* [Source material]:
Segment Open
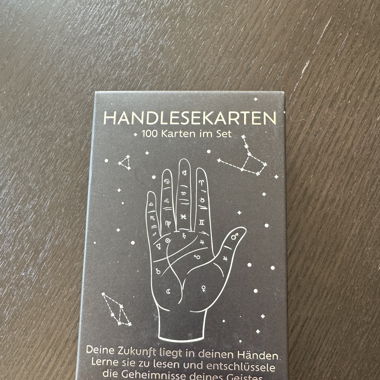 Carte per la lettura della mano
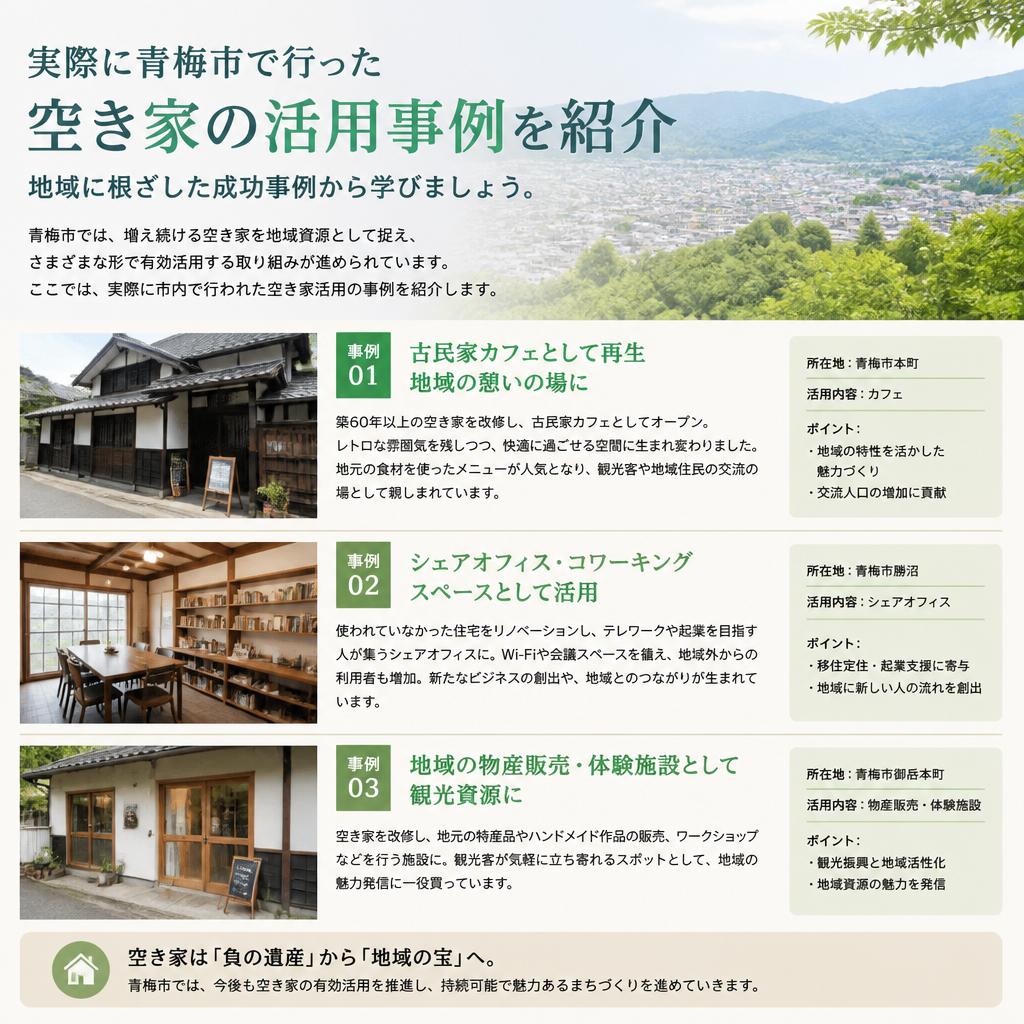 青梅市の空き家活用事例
Segment Closed
Segment Open
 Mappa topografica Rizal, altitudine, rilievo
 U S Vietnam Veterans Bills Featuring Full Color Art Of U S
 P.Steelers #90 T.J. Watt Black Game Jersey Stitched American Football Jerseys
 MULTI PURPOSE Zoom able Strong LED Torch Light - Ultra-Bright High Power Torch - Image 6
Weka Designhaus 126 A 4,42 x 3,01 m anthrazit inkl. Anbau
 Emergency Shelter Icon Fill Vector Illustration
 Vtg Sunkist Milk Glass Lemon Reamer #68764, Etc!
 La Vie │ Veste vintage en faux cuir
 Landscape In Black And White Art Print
Segment Closed
* [Your task]:
Search the entries above for the string "Black". Copy each line that holds it.

* [Finished exercise]:
 P.Steelers #90 T.J. Watt Black Game Jersey Stitched American Football Jerseys
 Landscape In Black And White Art Print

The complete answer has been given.